Puesto que la ciudad está edificada en una pendiente, subimos por la Vía del Foro buscando la Casa del Fauno, una de las viviendas mejor conservadas y mejor presentadas. La pequeña estatua que le da nombre es una copia ya que el original está en el Museo Arqueológico. Adorna una fuente, sin agua, y quedan restos de pintura en las paredes interiores. En ella se encontró el mosaico de “La batalla de Alejandro” que hemos podido ver la tarde anterior también en el Museo Arqueológico de Nápoles junto con algunos frescos y objetos encontrados en las ciudades excavadas.

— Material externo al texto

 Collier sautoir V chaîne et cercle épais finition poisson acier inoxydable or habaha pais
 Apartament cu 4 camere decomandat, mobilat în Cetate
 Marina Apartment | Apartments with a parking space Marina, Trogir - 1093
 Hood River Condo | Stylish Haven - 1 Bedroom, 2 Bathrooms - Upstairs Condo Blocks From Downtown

En una especie de hangar se exponen los moldes en yeso a los que antes me referí que son la parte más humana de estas ruinas. Sigo caminando, buscando la Casa de los Vettii, uno de los puntos más recomendados. Sobre este lugar vuelvo al ya citado Manuel Verdugo: «Aulo Vetti era el propietario de esta hermosa casa que es, sin duda, la que han descubierto las excavaciones en mejor estado de conservación. A juzgar por los detalles ornamentales de las habitaciones, aquel afortunado mortal debió ser uno de los más ricos y de más exquisito gusto entre los ciudadanos de Pompeya. El peristilo es un modelo de elegancia y sencillez. He contemplado con admiración pinturas murales de brillante y caliente colorido ¡Después de veinte siglos!». Por cierto, que este libro de Verdugo nos ilustra no solamente de Pompeya sino de la vida de los romanos. Es ameno e instructivo.

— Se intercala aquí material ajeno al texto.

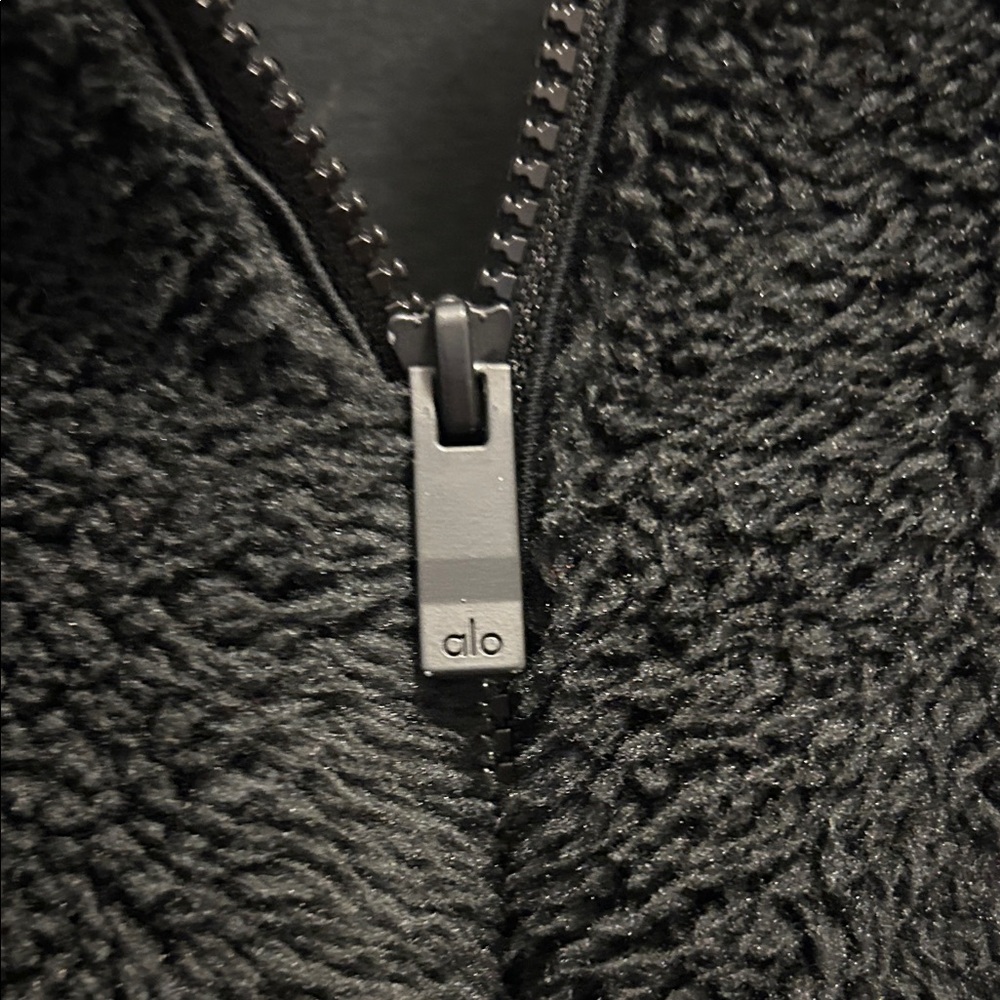 ALO Yoga Black Sherpa Jacket - Picture 7 of 7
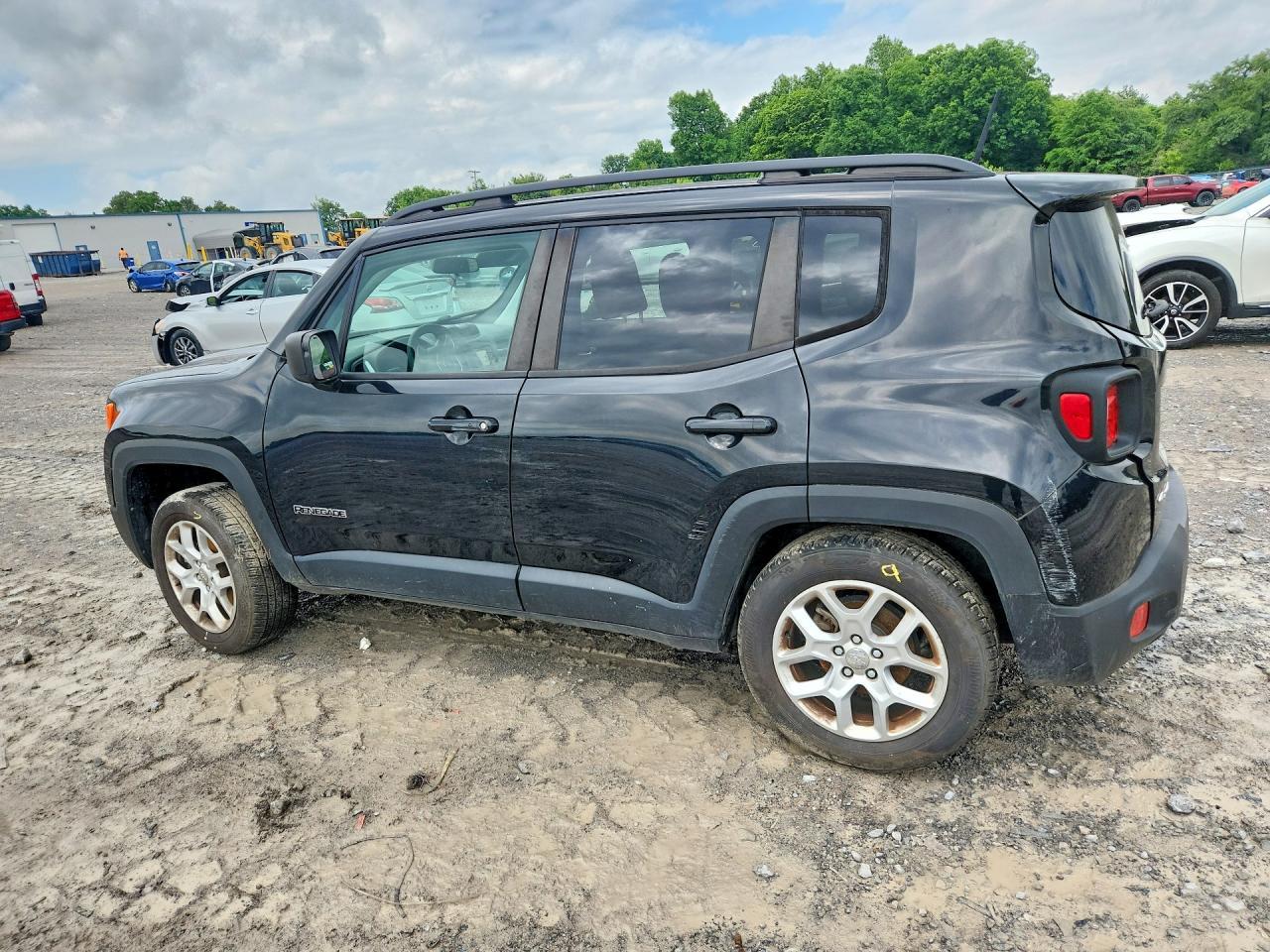 2018 Jeep Renegade Sport - Image 2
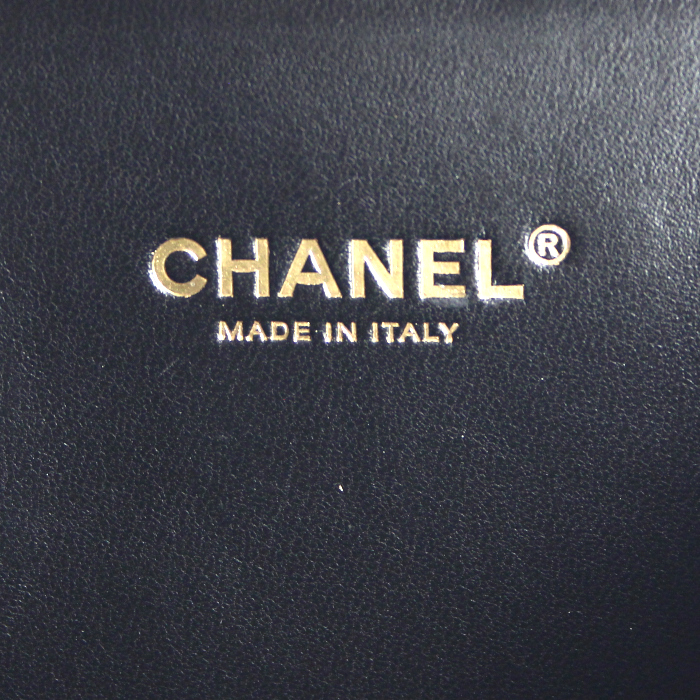 Cartera Minaudière Chanel en resina negra - Detail D3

Las calles no están tan bien orientadas como en las ciudades de fundación romana. Reitero que esta fue conquistada, no fundada, por Roma, pero son casi perpendiculares unas a otras tales calles, formando una cuadrícula en la que es fácil orientarse. No hay casi indicaciones que apunten direcciones. Aparecen empedradas con aceras, canales para el agua, “pasos de peatones” (para evitar el barro y las inmundicias), e incluso unas rodaduras a modo de raíles para los carros que debían encajar sus ruedas en ellas.

Por la Via dell´Abondanza llegamos a la parte alta del anfiteatro y del “Teatro Grande”. Están muy bien conservados junto con las arcadas y porches que los rodean. De allí vamos ya a la salida, hemos estado casi cuatro horas en este recorrido, donde encontramos puestos de refrescos y de venta de recuerdos. Compro una careta de estilo griego y me tomo una coca-cola. De aquí seguiremos nuestro periplo que nos va a llevar hasta Bari y de allí a Grecia en un ferri.

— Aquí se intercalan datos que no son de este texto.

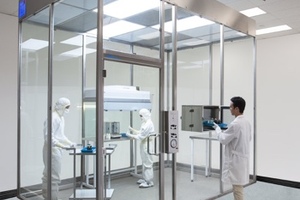 Tempered glass modular cleanroom introduced by Terra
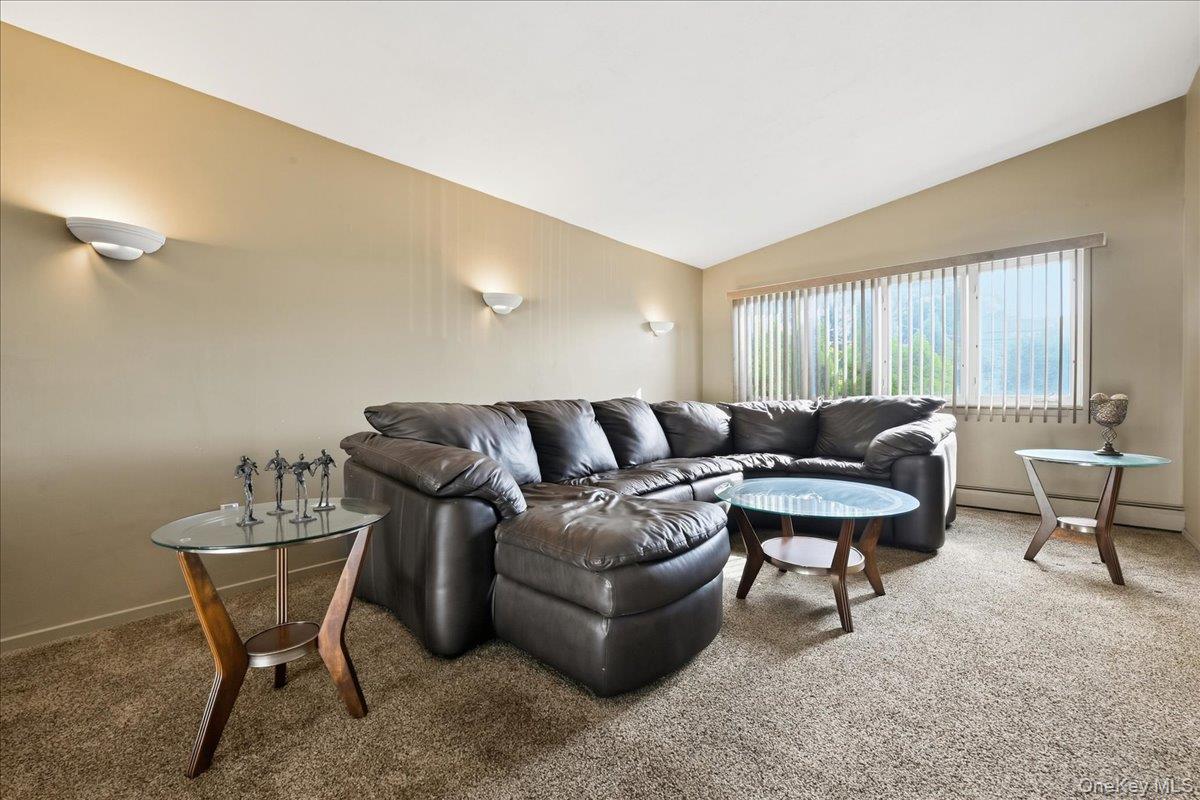 2872 Bayview Avenue Property Photo 15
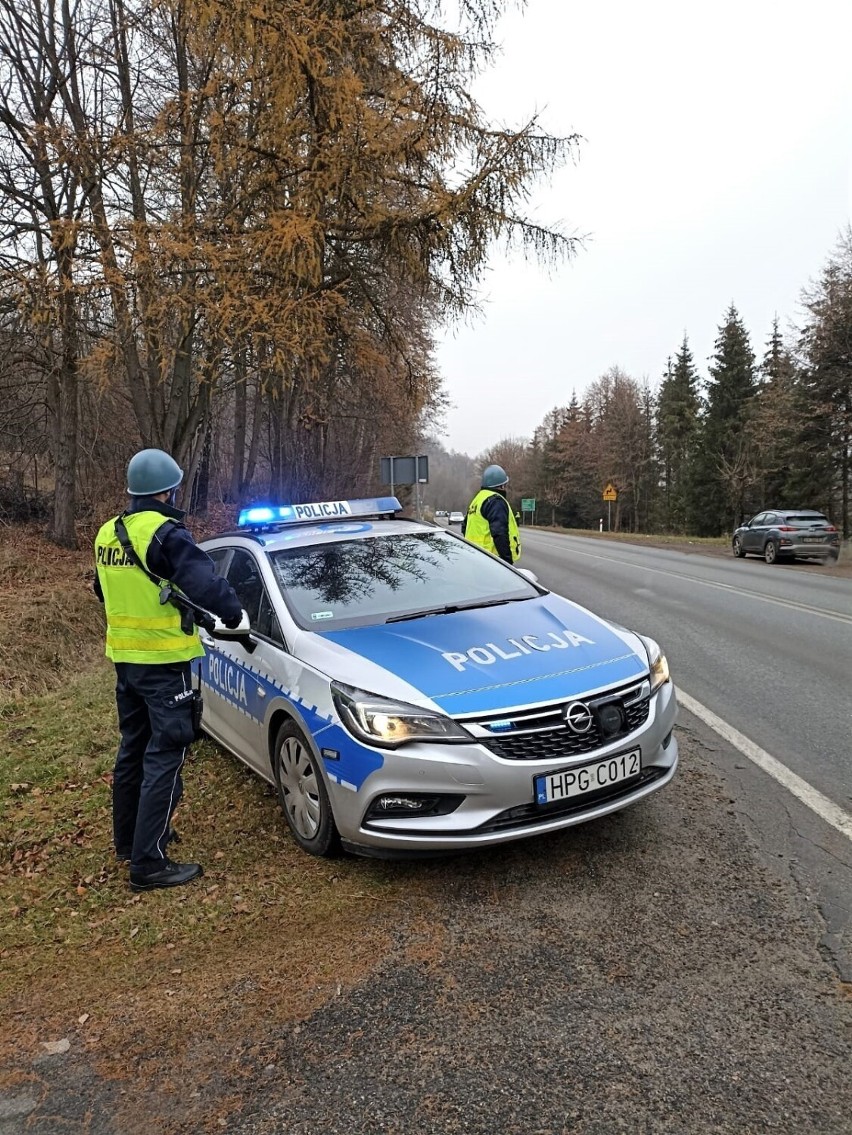 Policjanci ścigali sprawców napadu na jubilera. Blokowali drogi na trasie do Krynicy. Wszystko w ramach ćwiczeń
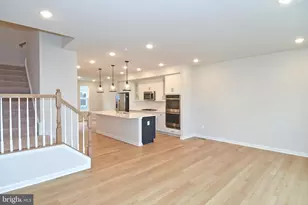402 Matlock Ln, Frederick, MD 21701 - Photo 7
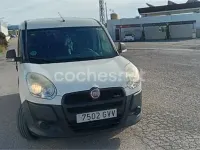 Usado Fiat Doblò Dynamic 90 CV (66 kW) 2010 Blanco Monovolumen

Hay muchos libros sobre Pompeya, pero además del que he citado quisiera recomendar dos para ambientarnos en sus calles: para los románticos el de Bulwer Lytton, “Los últimos días de Pompeya”, escrito hacia 1835, y que se convirtió en un bet seller de la época, y para quienes prefieran el campo más científico y arqueológico el de Mary Beard, titulado “Pompeya”, ameno y riguroso. Del Vesubio hay mucho escrito y en la web podemos encontrar hasta el día a día del volcán.